The plan, described by committee members as a compromise that would limit waste and inconvenience for students, will be forwarded to Liem, who has already said he "will follow what the house committee decides." The committee will vote on implementation procedures in two weeks, said committee chair Joshua Young '90.
House members had complained that door-to-door delivery violated students' privacy, comparing delivery to "televisions that can't be turned off."
And Lee B. Wexler '92 framed the question in environmental terms, saying, "We don't have an obligation to proliferate waste in entryways."
The committee attempted to find a "happy medium between still allowing publishers to drop in the house while at the same time looking more at the environmental issue," Young said yesterday.

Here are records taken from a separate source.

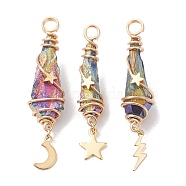 3Pcs 3 Styles Electroplated Natural Quartz Crystal Copper Wire Wrapped Pendants, TearDrop Charms with Golden Tone Alloy Moon & Star & Sun & Lightning Bolt, Colorful, 44.5~48.5x8~10.5x6.5~13mm, Hole: 4mm, about 1pc/style(PALLOY-JF02586-05)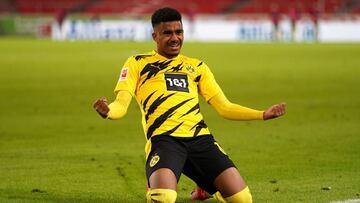 Stuttgart (Germany), 10/04/2021.- Ansgar Knauff of Borussia Dortmund celebrates after scoring their team&#039;s third goal during the Bundesliga match between VfB Stuttgart and Borussia Dortmund at Mercedes-Benz Arena in Stuttgart, Germany, 10 April 2021.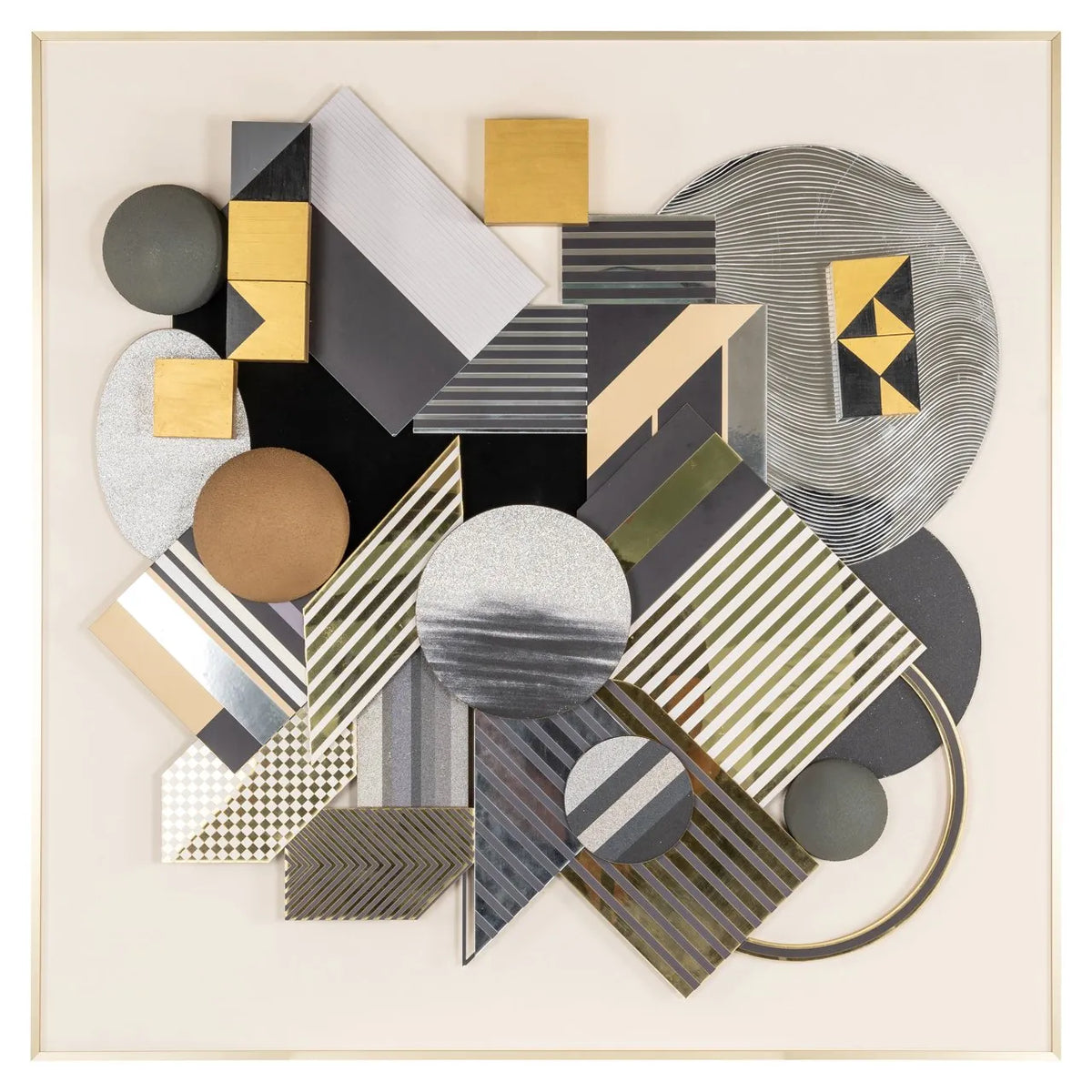 Richmond Interiors 3D Block Black & Gold Wall Art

Student press representatives had expressed dismay at the possibility of a door-drop ban. Many weekly campus publications depend on mass circulation to keep up advertising revenue.
"All the major free publication on campus know that door-to-door delivery is required or there is no point in publishing," said Adam R. Cohen '90, president of the liberal monthly Perspective.
Harvard Advocate President Mallay Charters '90 called an across-the-board ban "misguided."
The Dunster motion, proposed by Rosemary B. Quigley '92 and Brian R. Hecht '92, recommends also that recycling bins be placed in each entry, and that Dunster residents write student publishers encouraging use of the central delivery rack.
"We are trying to cooperate with the publishers on campus," Young said yesterday.
The committee voted down three other proposals, two of which would have restricted door-dropping to some extent, either by allowing students to "opt out" of delivery routes or by banning delivery and forcing publications to run subscription campaigns.
The winning proposal received 17 votes, beating out the six votes for requiring subscription campaigns and three votes for "opt-out".
The Dunster motion averted the controversy raised earlier this year when masters at Kirkland and North House restricted door-to-door delivery. There, publishers and masters negotiated a settlement in which wire baskets would be placed on doors for paper delivery.